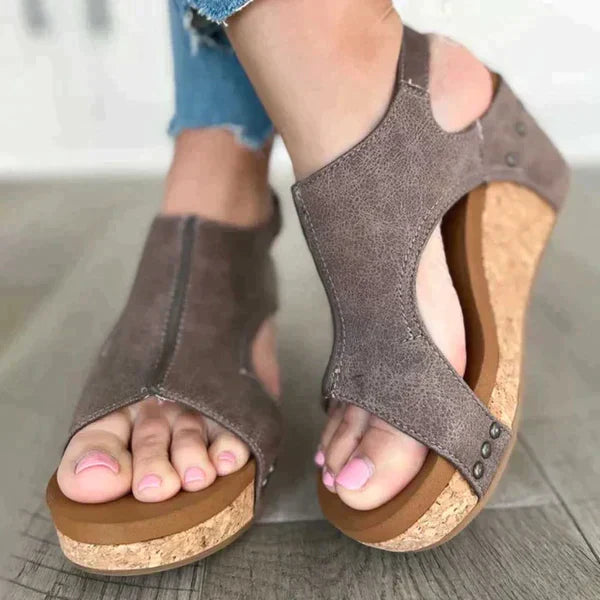 Sandales compensées en liège pour femme, couleur taupe, avec lanières en cuir synthétique, portées sur un sol en bois. Mode estivale confortable.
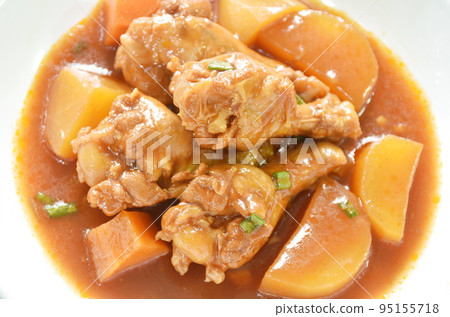 boiled chicken leg with potato in swet red gravy sauce stew on plate 95155718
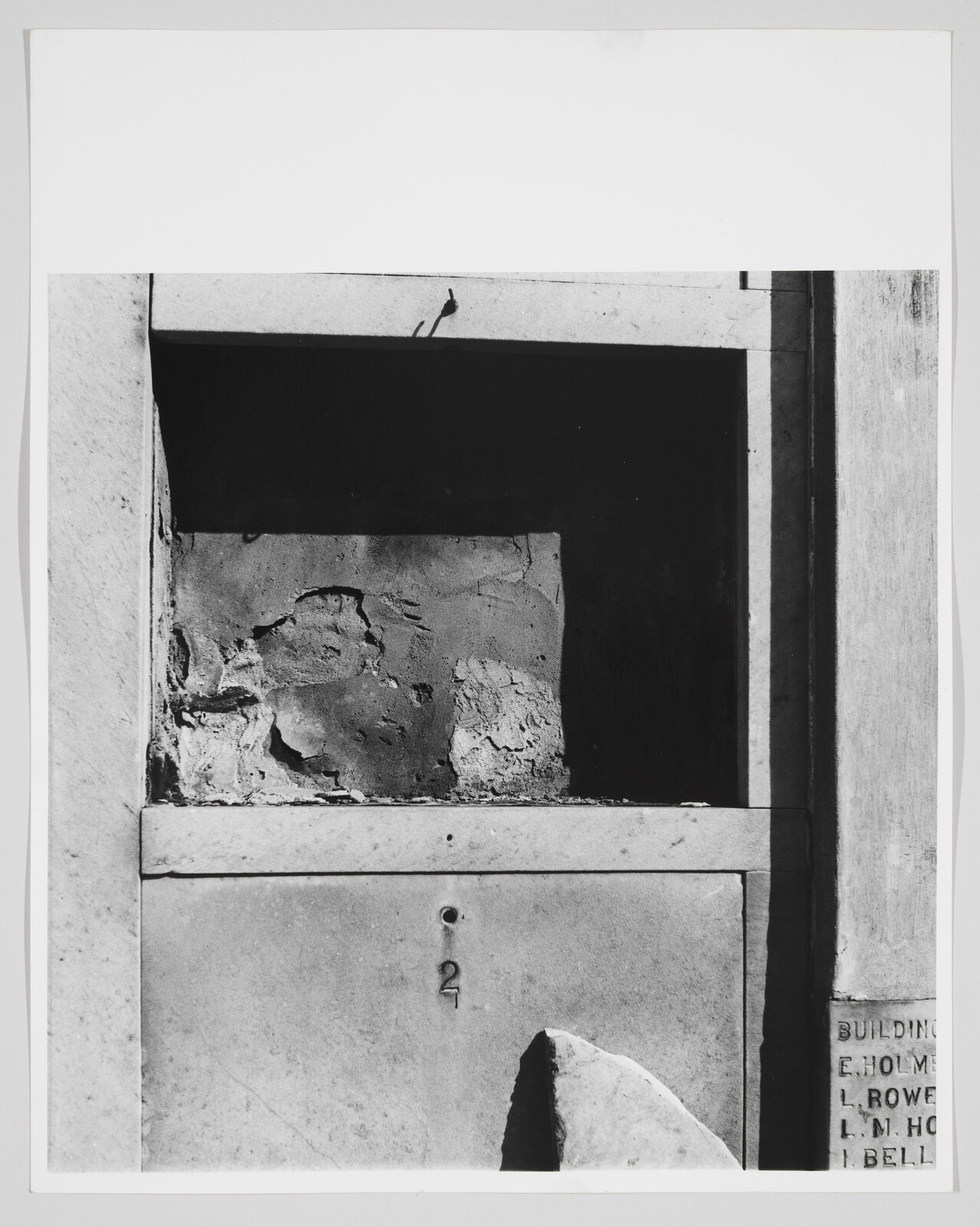 A weathered stone niche with peeling plaster and a small metal number 2 on its front.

--- --- ---

→ Task to carry out
The answer must consist solely of the lines from the one with "boiled chicken leg" through the final line of the data, each reproduced exactly and with pictures omitted.

→ Response box
 boiled chicken leg with potato in swet red gravy sauce stew on plate 95155718
 A weathered stone niche with peeling plaster and a small metal number 2 on its front.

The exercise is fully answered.